A Goldsboro butterfly has found its way to Mexico.

It was a little more than a year ago when Simonne Cato tagged several monarch butterflies in her backyard as part of a national tracking project.

Ms. Cato, director of Keep Wayne County Beautiful, was curious to see where her butterfly would end up. Recently she found out.

The yellow and black insect had gone to the El Rosario butterfly reserve in Mexico.

She said she was "absolutely surprised" to find that her butterfly had made it to the reserve, out of the 75,000 of monarchs tagged each year.

"There are less than 300 of those tagged that actually make it," she said.

Ms. Cato first heard about the Monarch Watch in an environmental education class.

"I thought it would be a neat thing to do," she said. "When I tagged them in October 2003, I thought it would be wonderful if one of mine actually made it."

After some months, Ms. Cato forgot about the tagged butterflies. But a couple of weeks ago she received a call from Mike Dunn, the director at the Museum of Life and Science in Durham.

"It was so out-of-the-blue to hear that one of my butterflies had made it," she said.

Each fall as the southward migration to Mexico occurs, the butterflies are tagged by students, teachers, scientists and anyone who wants to. The tiny tag, which is actually more like a sticker, is put under the right rear wing.
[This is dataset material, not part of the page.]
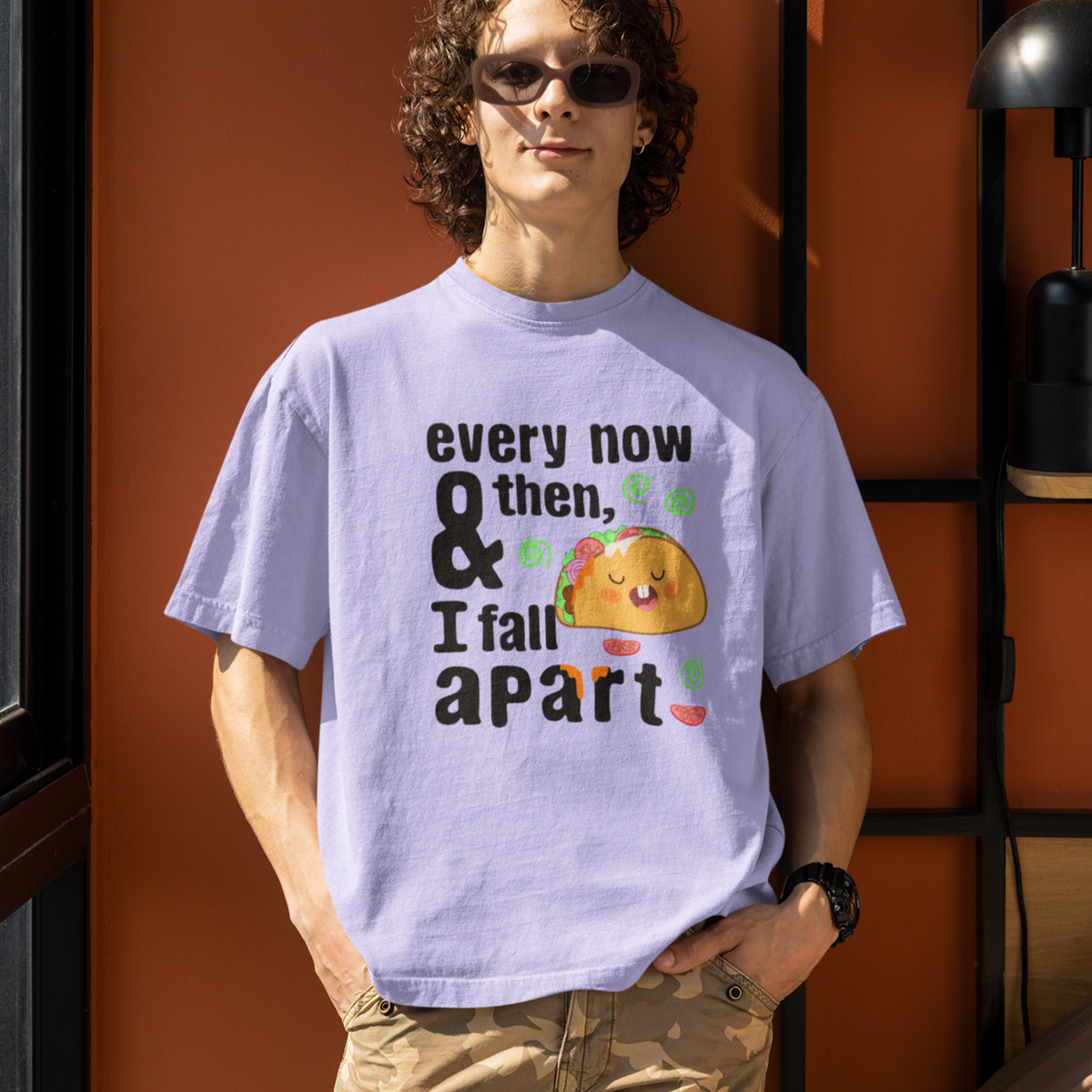 Cute and Anxious Taco- Oversized Unisex Tshirts by Cute Stuff Co.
According to the Web site "Monarch Watch," monarchs west of the Rocky Mountains travel to small groves of trees along the California coast, but those east of the Rockyies usually travel to Mexico.
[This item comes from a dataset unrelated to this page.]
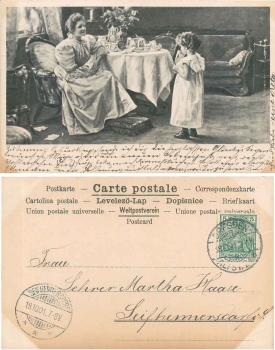 Kaffeetafel Mutter mit Kind  o 19.10.1901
In all the world, no butterflies migrate like the monarchs, say scientists. They travel much farther than all other tropical butterflies, up to 3,000 miles. Their migration is similar to those of birds or whales. But unlike birds and whales, a butterfly makes the round-trip only once.

Monarch Watch says that butterflies are usually solitary, but during their migration they often cluster together at night while moving ever southward.

They can't make the journey if they linger too long because they are cold-blooded and are unable to fly in cold weather.

Fat stored in the abdomen is a critical element of their survival for the winter. It fuels their flight south and must last until the next spring when they begin the flight back north. As they migrate southward, monarchs stop for nectar and they actually gain weight during the trip. Some researchers think that monarchs conserve their "fuel" by gliding on air currents.